Activity
Set it all down exactly, every record and every line.

▼▼▼

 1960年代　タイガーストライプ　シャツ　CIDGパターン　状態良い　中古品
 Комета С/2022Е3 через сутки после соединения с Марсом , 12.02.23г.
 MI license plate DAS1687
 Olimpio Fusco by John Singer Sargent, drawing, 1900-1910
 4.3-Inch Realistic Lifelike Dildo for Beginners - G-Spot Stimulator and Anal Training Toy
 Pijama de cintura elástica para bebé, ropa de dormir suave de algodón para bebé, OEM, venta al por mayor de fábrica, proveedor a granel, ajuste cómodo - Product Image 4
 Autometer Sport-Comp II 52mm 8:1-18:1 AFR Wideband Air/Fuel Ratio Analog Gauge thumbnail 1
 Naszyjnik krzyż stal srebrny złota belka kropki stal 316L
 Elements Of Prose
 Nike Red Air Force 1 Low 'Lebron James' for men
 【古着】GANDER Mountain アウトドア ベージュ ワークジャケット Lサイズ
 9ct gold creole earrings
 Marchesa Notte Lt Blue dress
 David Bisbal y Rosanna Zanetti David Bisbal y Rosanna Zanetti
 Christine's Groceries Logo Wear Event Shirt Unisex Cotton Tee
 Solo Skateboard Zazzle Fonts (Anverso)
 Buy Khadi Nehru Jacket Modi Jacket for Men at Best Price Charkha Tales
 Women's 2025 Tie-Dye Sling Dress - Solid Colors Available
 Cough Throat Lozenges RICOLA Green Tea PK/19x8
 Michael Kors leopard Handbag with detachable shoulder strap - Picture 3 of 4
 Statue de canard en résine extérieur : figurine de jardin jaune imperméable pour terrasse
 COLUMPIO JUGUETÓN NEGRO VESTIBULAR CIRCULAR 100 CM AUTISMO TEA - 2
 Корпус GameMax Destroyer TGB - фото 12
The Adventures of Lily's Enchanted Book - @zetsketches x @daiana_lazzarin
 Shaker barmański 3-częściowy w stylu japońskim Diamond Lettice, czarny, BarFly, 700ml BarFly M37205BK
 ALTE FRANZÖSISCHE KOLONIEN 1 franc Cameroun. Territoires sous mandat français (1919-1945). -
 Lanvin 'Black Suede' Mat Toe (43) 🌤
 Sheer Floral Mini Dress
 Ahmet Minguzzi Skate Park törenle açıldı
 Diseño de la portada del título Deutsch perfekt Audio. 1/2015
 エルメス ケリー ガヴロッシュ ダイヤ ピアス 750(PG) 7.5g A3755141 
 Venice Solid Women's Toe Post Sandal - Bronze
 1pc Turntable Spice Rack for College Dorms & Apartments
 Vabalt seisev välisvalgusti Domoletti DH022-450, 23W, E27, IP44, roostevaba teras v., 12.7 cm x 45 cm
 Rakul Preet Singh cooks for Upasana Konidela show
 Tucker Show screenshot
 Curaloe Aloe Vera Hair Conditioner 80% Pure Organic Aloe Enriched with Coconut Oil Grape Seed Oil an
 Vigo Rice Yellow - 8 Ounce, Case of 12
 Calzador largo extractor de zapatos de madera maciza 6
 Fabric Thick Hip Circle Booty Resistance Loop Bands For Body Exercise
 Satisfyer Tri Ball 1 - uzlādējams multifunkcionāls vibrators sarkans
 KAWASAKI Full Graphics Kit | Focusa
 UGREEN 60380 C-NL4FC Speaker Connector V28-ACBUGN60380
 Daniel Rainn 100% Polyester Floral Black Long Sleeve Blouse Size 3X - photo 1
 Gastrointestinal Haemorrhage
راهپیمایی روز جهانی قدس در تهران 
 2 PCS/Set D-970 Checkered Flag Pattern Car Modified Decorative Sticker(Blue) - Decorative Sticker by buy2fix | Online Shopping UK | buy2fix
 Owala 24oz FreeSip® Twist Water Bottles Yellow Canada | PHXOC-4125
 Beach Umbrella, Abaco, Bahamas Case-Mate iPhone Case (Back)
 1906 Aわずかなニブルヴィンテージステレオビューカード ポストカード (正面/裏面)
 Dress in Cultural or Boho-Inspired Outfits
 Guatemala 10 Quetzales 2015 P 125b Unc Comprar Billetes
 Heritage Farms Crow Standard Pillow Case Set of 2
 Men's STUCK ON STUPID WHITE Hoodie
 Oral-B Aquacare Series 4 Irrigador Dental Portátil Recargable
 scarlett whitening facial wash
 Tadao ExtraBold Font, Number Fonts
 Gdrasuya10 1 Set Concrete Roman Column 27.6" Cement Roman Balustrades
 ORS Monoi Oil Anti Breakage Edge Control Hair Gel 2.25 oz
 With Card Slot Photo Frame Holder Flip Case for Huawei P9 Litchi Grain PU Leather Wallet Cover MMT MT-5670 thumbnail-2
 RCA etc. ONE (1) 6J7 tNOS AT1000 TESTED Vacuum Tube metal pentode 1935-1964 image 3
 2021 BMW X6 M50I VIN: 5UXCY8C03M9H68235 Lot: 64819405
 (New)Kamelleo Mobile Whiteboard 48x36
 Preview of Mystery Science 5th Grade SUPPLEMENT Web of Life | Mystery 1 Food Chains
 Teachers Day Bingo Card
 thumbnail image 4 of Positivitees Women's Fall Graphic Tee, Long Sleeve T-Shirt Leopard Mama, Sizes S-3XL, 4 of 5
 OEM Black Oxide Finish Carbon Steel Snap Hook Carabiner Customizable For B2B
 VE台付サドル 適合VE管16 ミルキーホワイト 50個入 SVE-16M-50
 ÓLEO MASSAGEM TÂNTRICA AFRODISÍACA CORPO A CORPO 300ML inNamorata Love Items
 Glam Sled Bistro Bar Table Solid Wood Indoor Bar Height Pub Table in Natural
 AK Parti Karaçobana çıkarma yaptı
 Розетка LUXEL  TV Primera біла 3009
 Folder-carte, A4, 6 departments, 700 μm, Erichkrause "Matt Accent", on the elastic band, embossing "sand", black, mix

▲▲▲

Result of this task
 1960年代　タイガーストライプ　シャツ　CIDGパターン　状態良い　中古品
 Комета С/2022Е3 через сутки после соединения с Марсом , 12.02.23г.
 MI license plate DAS1687
 Olimpio Fusco by John Singer Sargent, drawing, 1900-1910
 4.3-Inch Realistic Lifelike Dildo for Beginners - G-Spot Stimulator and Anal Training Toy
 Pijama de cintura elástica para bebé, ropa de dormir suave de algodón para bebé, OEM, venta al por mayor de fábrica, proveedor a granel, ajuste cómodo - Product Image 4
 Autometer Sport-Comp II 52mm 8:1-18:1 AFR Wideband Air/Fuel Ratio Analog Gauge thumbnail 1
 Naszyjnik krzyż stal srebrny złota belka kropki stal 316L
 Elements Of Prose
 Nike Red Air Force 1 Low 'Lebron James' for men
 【古着】GANDER Mountain アウトドア ベージュ ワークジャケット Lサイズ
 9ct gold creole earrings
 Marchesa Notte Lt Blue dress
 David Bisbal y Rosanna Zanetti David Bisbal y Rosanna Zanetti
 Christine's Groceries Logo Wear Event Shirt Unisex Cotton Tee
 Solo Skateboard Zazzle Fonts (Anverso)
 Buy Khadi Nehru Jacket Modi Jacket for Men at Best Price Charkha Tales
 Women's 2025 Tie-Dye Sling Dress - Solid Colors Available
 Cough Throat Lozenges RICOLA Green Tea PK/19x8
 Michael Kors leopard Handbag with detachable shoulder strap - Picture 3 of 4
 Statue de canard en résine extérieur : figurine de jardin jaune imperméable pour terrasse
 COLUMPIO JUGUETÓN NEGRO VESTIBULAR CIRCULAR 100 CM AUTISMO TEA - 2
 Корпус GameMax Destroyer TGB - фото 12
The Adventures of Lily's Enchanted Book - @zetsketches x @daiana_lazzarin
 Shaker barmański 3-częściowy w stylu japońskim Diamond Lettice, czarny, BarFly, 700ml BarFly M37205BK
 ALTE FRANZÖSISCHE KOLONIEN 1 franc Cameroun. Territoires sous mandat français (1919-1945). -
 Lanvin 'Black Suede' Mat Toe (43) 🌤
 Sheer Floral Mini Dress
 Ahmet Minguzzi Skate Park törenle açıldı
 Diseño de la portada del título Deutsch perfekt Audio. 1/2015
 エルメス ケリー ガヴロッシュ ダイヤ ピアス 750(PG) 7.5g A3755141 
 Venice Solid Women's Toe Post Sandal - Bronze
 1pc Turntable Spice Rack for College Dorms & Apartments
 Vabalt seisev välisvalgusti Domoletti DH022-450, 23W, E27, IP44, roostevaba teras v., 12.7 cm x 45 cm
 Rakul Preet Singh cooks for Upasana Konidela show
 Tucker Show screenshot
 Curaloe Aloe Vera Hair Conditioner 80% Pure Organic Aloe Enriched with Coconut Oil Grape Seed Oil an
 Vigo Rice Yellow - 8 Ounce, Case of 12
 Calzador largo extractor de zapatos de madera maciza 6
 Fabric Thick Hip Circle Booty Resistance Loop Bands For Body Exercise
 Satisfyer Tri Ball 1 - uzlādējams multifunkcionāls vibrators sarkans
 KAWASAKI Full Graphics Kit | Focusa
 UGREEN 60380 C-NL4FC Speaker Connector V28-ACBUGN60380
 Daniel Rainn 100% Polyester Floral Black Long Sleeve Blouse Size 3X - photo 1
 Gastrointestinal Haemorrhage
راهپیمایی روز جهانی قدس در تهران 
 2 PCS/Set D-970 Checkered Flag Pattern Car Modified Decorative Sticker(Blue) - Decorative Sticker by buy2fix | Online Shopping UK | buy2fix
 Owala 24oz FreeSip® Twist Water Bottles Yellow Canada | PHXOC-4125
 Beach Umbrella, Abaco, Bahamas Case-Mate iPhone Case (Back)
 1906 Aわずかなニブルヴィンテージステレオビューカード ポストカード (正面/裏面)
 Dress in Cultural or Boho-Inspired Outfits
 Guatemala 10 Quetzales 2015 P 125b Unc Comprar Billetes
 Heritage Farms Crow Standard Pillow Case Set of 2
 Men's STUCK ON STUPID WHITE Hoodie
 Oral-B Aquacare Series 4 Irrigador Dental Portátil Recargable
 scarlett whitening facial wash
 Tadao ExtraBold Font, Number Fonts
 Gdrasuya10 1 Set Concrete Roman Column 27.6" Cement Roman Balustrades
 ORS Monoi Oil Anti Breakage Edge Control Hair Gel 2.25 oz
 With Card Slot Photo Frame Holder Flip Case for Huawei P9 Litchi Grain PU Leather Wallet Cover MMT MT-5670 thumbnail-2
 RCA etc. ONE (1) 6J7 tNOS AT1000 TESTED Vacuum Tube metal pentode 1935-1964 image 3
 2021 BMW X6 M50I VIN: 5UXCY8C03M9H68235 Lot: 64819405
 (New)Kamelleo Mobile Whiteboard 48x36
 Preview of Mystery Science 5th Grade SUPPLEMENT Web of Life | Mystery 1 Food Chains
 Teachers Day Bingo Card
 thumbnail image 4 of Positivitees Women's Fall Graphic Tee, Long Sleeve T-Shirt Leopard Mama, Sizes S-3XL, 4 of 5
 OEM Black Oxide Finish Carbon Steel Snap Hook Carabiner Customizable For B2B
 VE台付サドル 適合VE管16 ミルキーホワイト 50個入 SVE-16M-50
 ÓLEO MASSAGEM TÂNTRICA AFRODISÍACA CORPO A CORPO 300ML inNamorata Love Items
 Glam Sled Bistro Bar Table Solid Wood Indoor Bar Height Pub Table in Natural
 AK Parti Karaçobana çıkarma yaptı
 Розетка LUXEL  TV Primera біла 3009
 Folder-carte, A4, 6 departments, 700 μm, Erichkrause "Matt Accent", on the elastic band, embossing "sand", black, mix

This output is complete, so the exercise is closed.